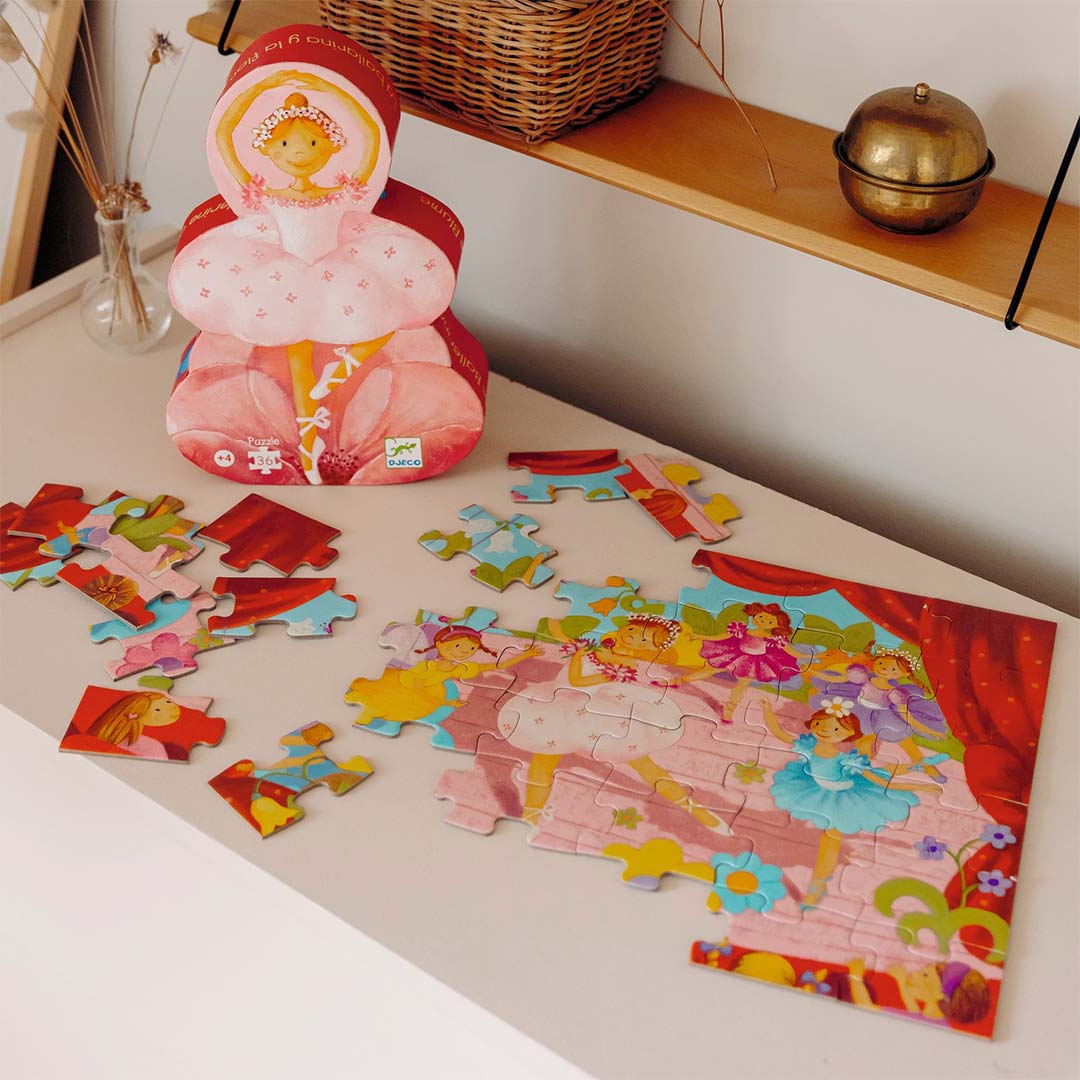 Djeco legpuzzel met ballerinas op een podium, deels in elkaar gezet, naast de ballerina-vormige verpakking.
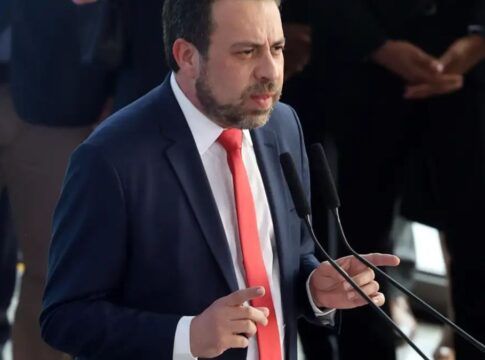 Boulos discursando em um palanque usa ndo terno escuro, camisa branca e gravata vermelha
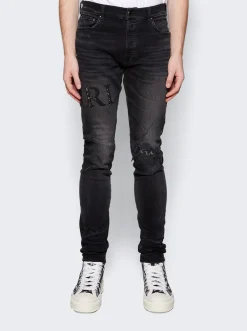 Amiri Crystal Logo Distressed Jeans Faded Black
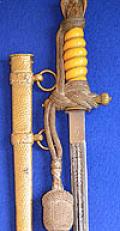THIRD REICH NAVAL OFFICERS DAGGER BY WKC WITH DARK YELLOW GRIP, HAMMERED SCABBARD AND GOLD KNOT.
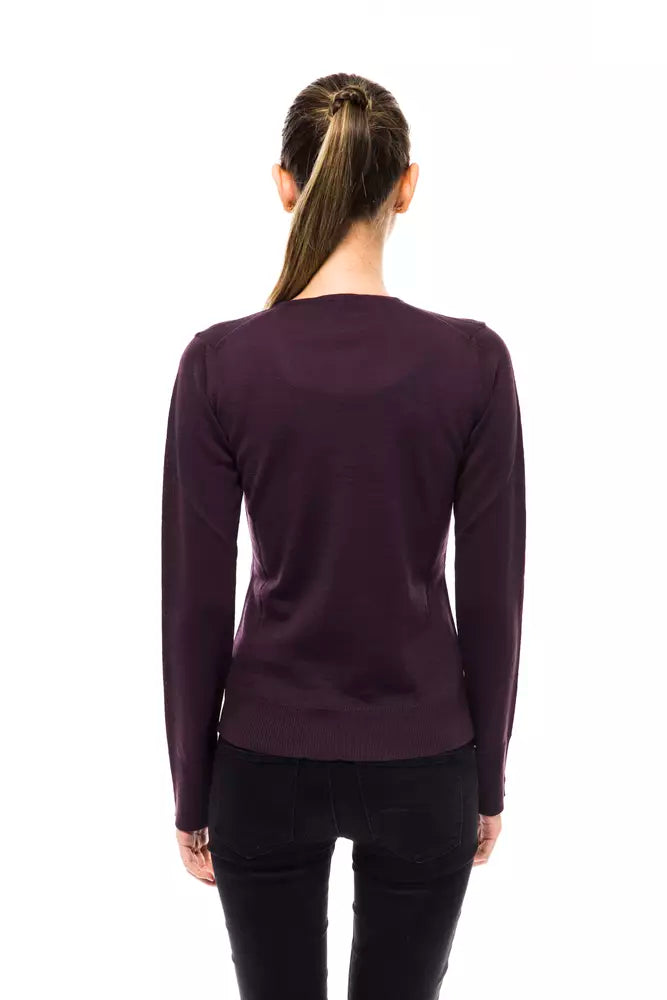 Back view of a woman wearing a dark purple wool long-sleeve sweater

* * *

> **Exercise requirements**
All records above are to be printed exactly, minus the pictures they contain.

> **Solution for this exercise**
 Djeco legpuzzel met ballerinas op een podium, deels in elkaar gezet, naast de ballerina-vormige verpakking.
 Boulos discursando em um palanque usa ndo terno escuro, camisa branca e gravata vermelha
 Amiri Crystal Logo Distressed Jeans Faded Black
THIRD REICH NAVAL OFFICERS DAGGER BY WKC WITH DARK YELLOW GRIP, HAMMERED SCABBARD AND GOLD KNOT.
 Back view of a woman wearing a dark purple wool long-sleeve sweater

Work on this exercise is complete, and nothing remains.